Captioned web image data
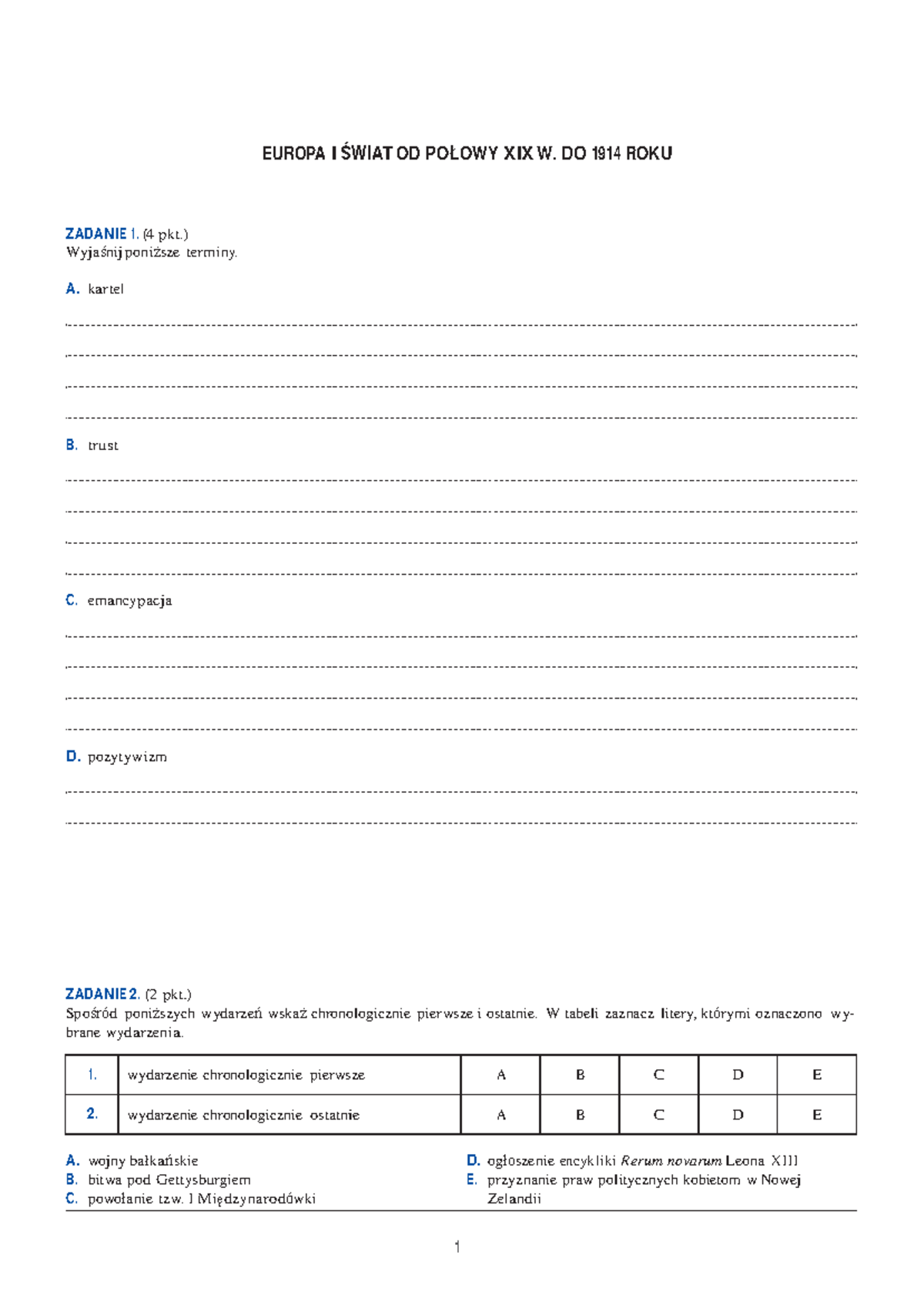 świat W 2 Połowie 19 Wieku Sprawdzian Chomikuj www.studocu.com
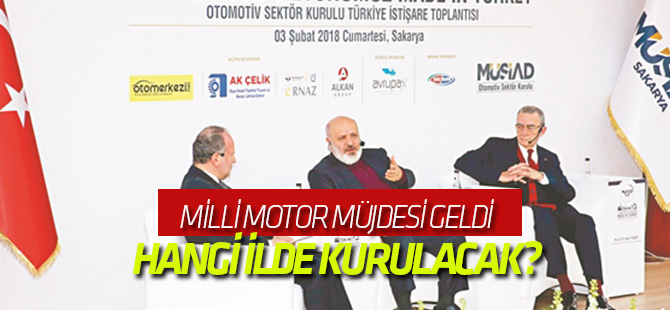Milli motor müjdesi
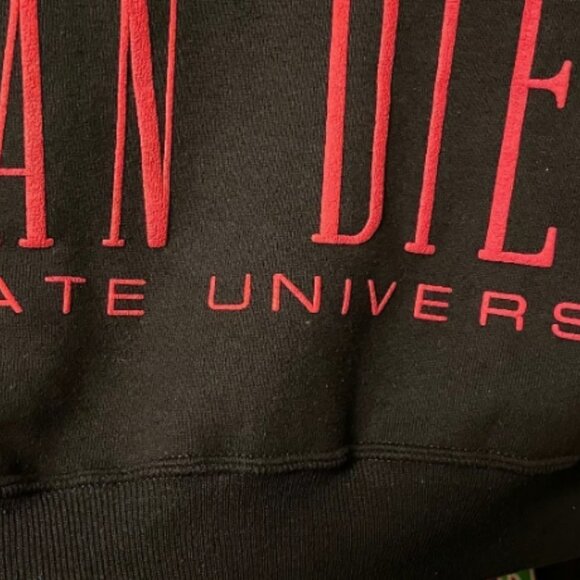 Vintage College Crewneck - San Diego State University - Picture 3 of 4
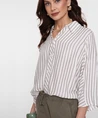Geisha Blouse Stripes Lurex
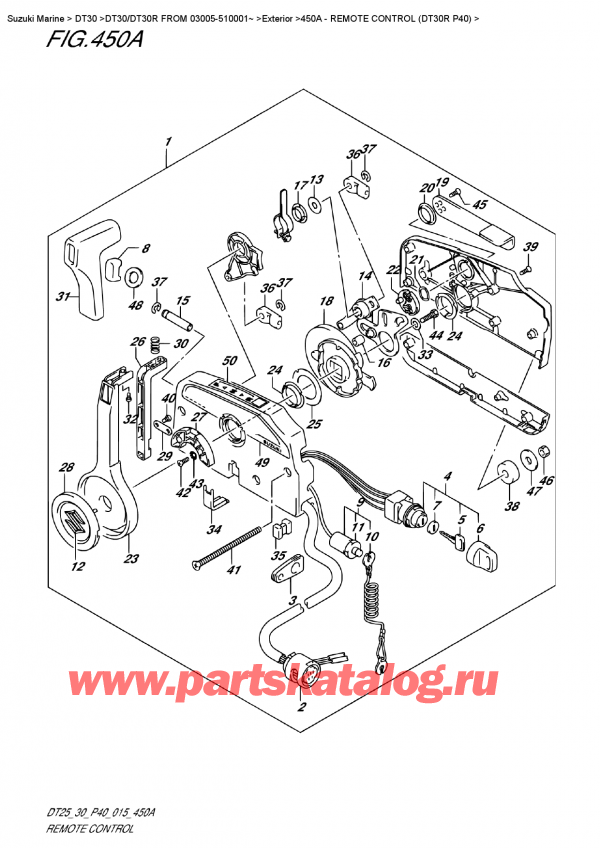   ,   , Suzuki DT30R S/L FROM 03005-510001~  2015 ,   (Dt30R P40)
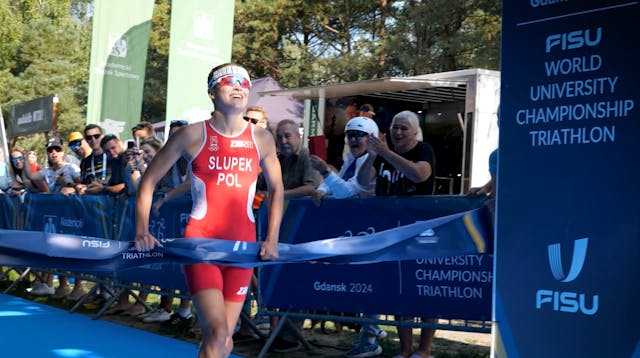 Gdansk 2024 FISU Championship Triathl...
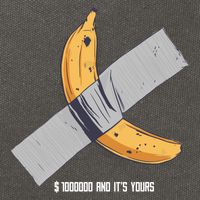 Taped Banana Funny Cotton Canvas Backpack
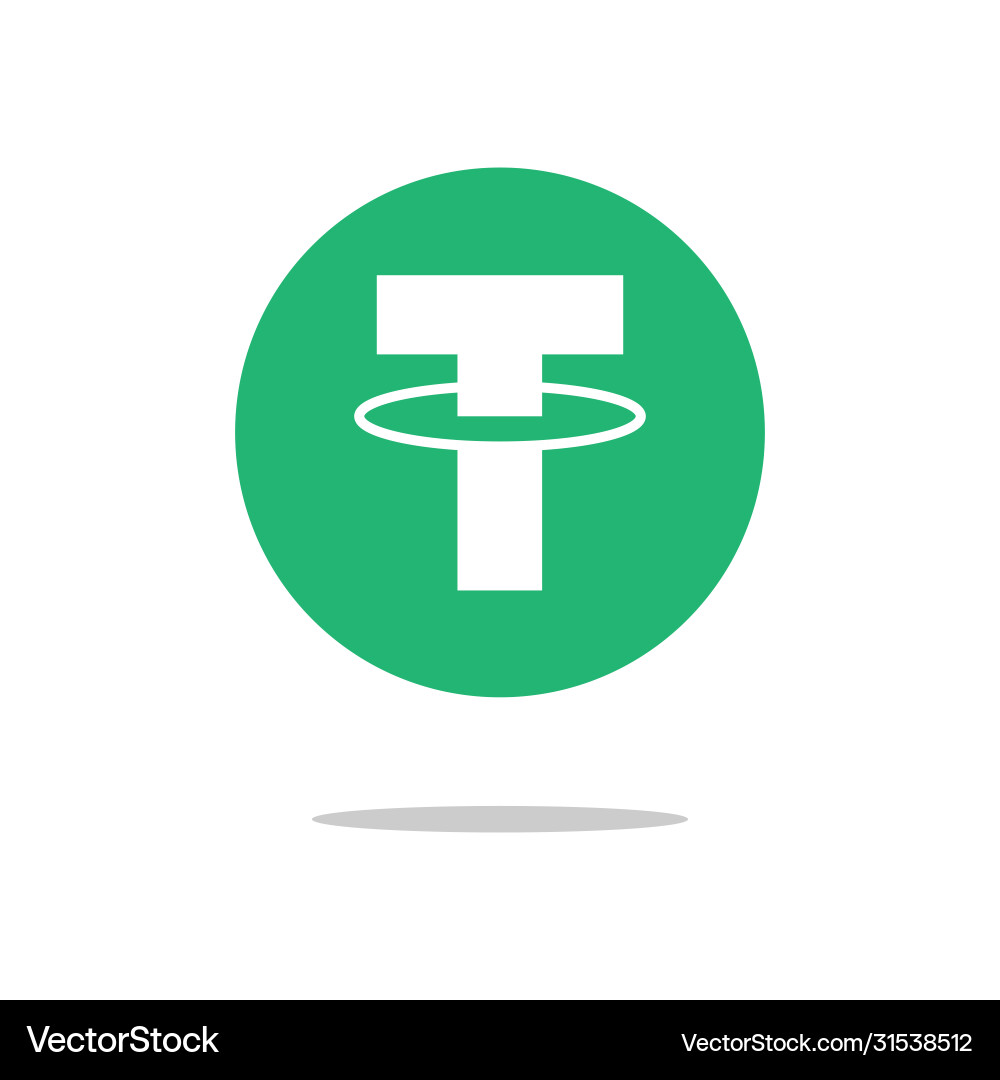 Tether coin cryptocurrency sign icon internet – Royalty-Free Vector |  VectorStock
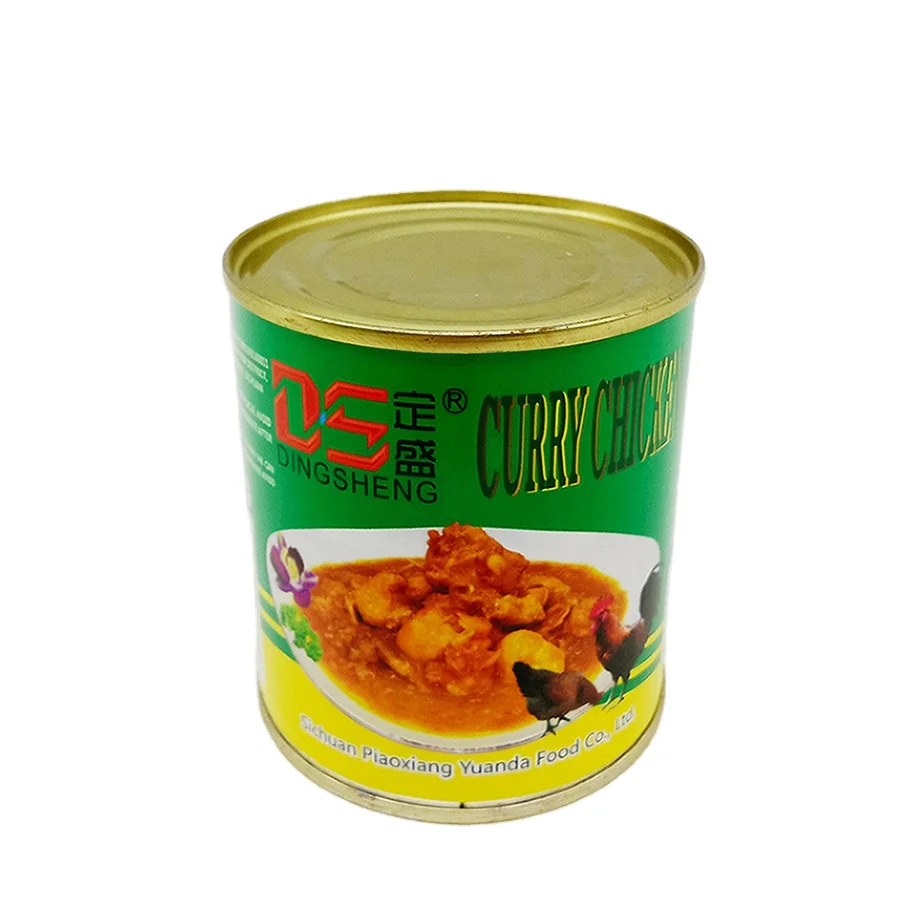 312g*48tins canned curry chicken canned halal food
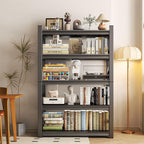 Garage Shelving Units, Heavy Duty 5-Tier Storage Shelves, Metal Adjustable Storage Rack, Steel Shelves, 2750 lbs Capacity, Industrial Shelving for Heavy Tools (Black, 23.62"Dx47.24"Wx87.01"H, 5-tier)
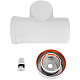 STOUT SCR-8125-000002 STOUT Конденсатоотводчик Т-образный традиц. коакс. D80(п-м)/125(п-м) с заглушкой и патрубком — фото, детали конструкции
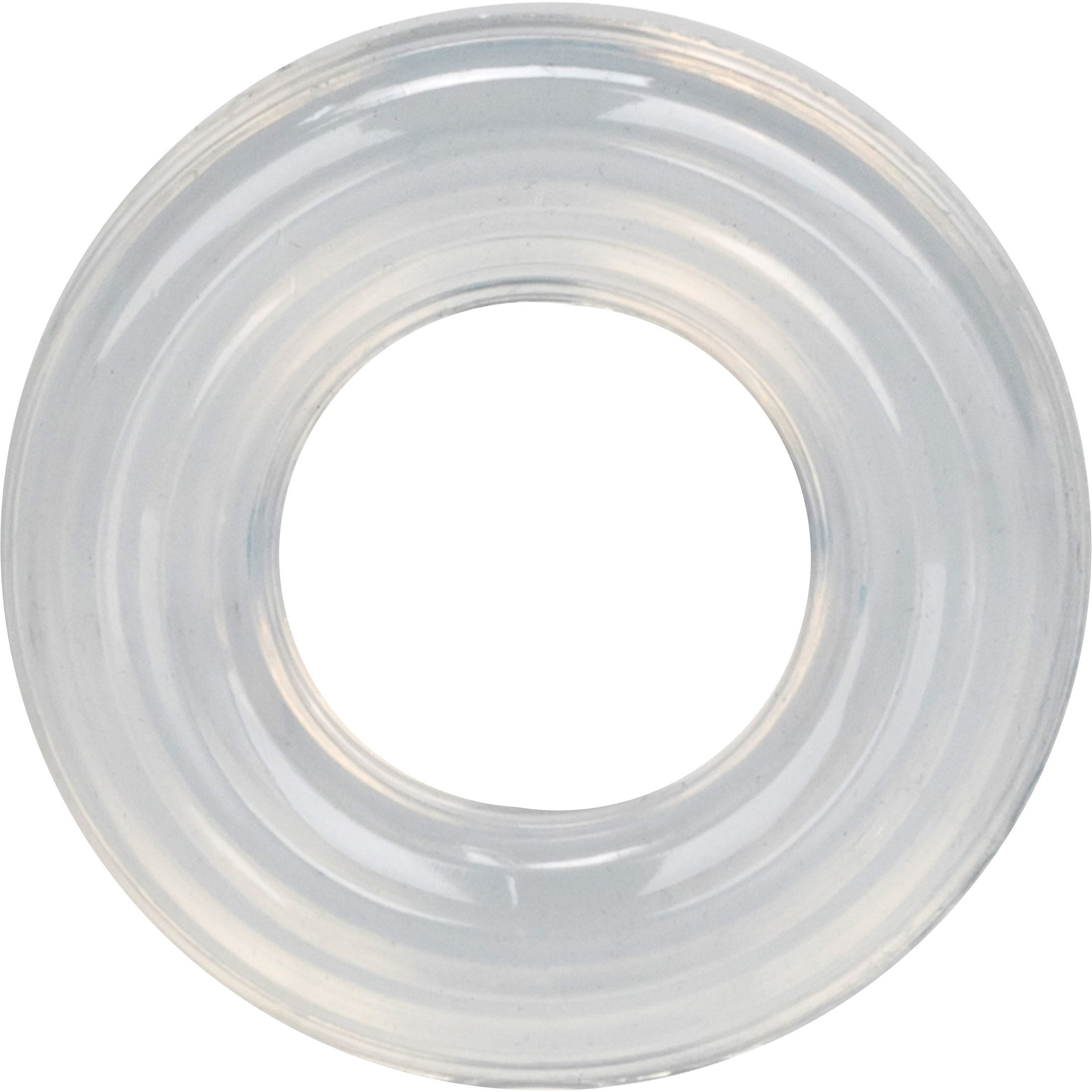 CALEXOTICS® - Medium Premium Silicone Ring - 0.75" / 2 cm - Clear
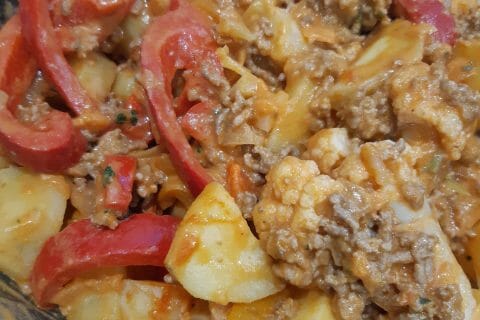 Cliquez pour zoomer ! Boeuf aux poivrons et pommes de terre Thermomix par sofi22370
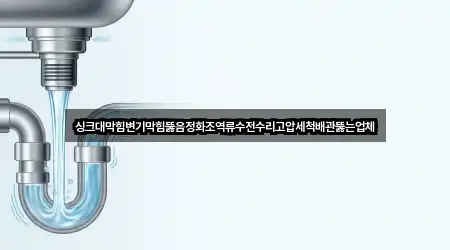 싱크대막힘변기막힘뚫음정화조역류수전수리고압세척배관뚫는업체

**WORK REQUIRED:** What is needed is an exact copy of the lines from the start of the records through the line containing "Gdansk 2024 FISU Championship Triathl...", with no pictures.

**EXERCISE SOLUTION:**
 świat W 2 Połowie 19 Wieku Sprawdzian Chomikuj www.studocu.com
Milli motor müjdesi
 Vintage College Crewneck - San Diego State University - Picture 3 of 4
Geisha Blouse Stripes Lurex
   ,   , Suzuki DT30R S/L FROM 03005-510001~  2015 ,   (Dt30R P40)
 Gdansk 2024 FISU Championship Triathl...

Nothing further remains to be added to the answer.